Exercise inputs section start

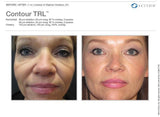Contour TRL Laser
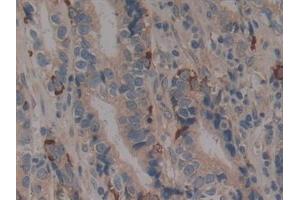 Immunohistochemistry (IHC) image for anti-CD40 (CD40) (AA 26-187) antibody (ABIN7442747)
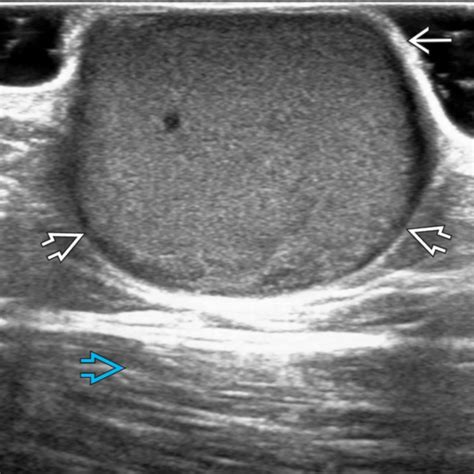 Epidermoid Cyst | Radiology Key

Exercise inputs section end
Exercise inputs section start

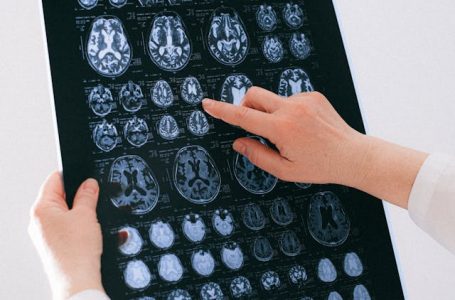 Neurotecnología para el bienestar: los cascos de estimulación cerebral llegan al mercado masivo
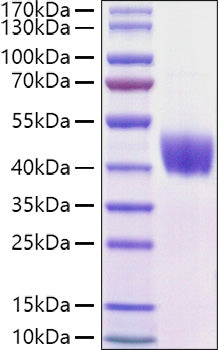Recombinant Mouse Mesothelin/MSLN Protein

Exercise inputs section end

## Task
Leave the pictures out. Output, exactly, the lines of the material above starting at the line containing "Immunohistochemistry (IHC) image" and ending at the line containing "Epidermoid Cyst | Radiology Key".

## Task result
 Immunohistochemistry (IHC) image for anti-CD40 (CD40) (AA 26-187) antibody (ABIN7442747)
 Epidermoid Cyst | Radiology Key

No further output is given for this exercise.